J’ai lu aujourd’hui, pour la première fois, dans son entier, la « Déclaration d’indépendance américaine, » dont nous avons entendu tant parler, le monde, toi et moi. Je l’ai lue dans la salle même où elle a été signée ; il faut que tu la lises aussi, c’est-à-dire ce qui concerne son principe fondamental, sur lequel reposent la liberté et les droits de l’humanité dans le Nouveau-Monde :

« Lorsque le cours des événements amène pour une nation la nécessité de rompre les liens politiques qui l’unissaient à un autre peuple et à se placer parmi les puissances de la terre, au point de vue particulier que la nature et les lois du maître de la nature lui assignent, alors une estime convenable pour le jugement de l’espèce humaine exige que cette nation déclare les raisons qui lui ont fait prendre cette pénible détermination.

« Nous considérons comme évidentes par elles-mêmes les vérités qui suivent : Tous les hommes ont été créés égaux. Leur Créateur les a dotés de certains droits imprescriptibles, au nombre desquels se trouvent la vie, la liberté et la recherche du bonheur.

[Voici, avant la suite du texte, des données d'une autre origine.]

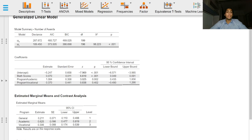For the indicator variable academic program, this compares between the academic program and the general program, the general program being the reference class.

C’est pour assurer ces droits qu’ont été fondés des gouvernements dont l’autorité légale est appuyée sur le consentement des gouvernés ; n’importe le moment où la forme du gouvernement devient destructive de son but, le peuple a le droit de le changer, d’en établir un nouveau en la forme qui lui paraît la plus utile pour sa sécurité et son bonheur. »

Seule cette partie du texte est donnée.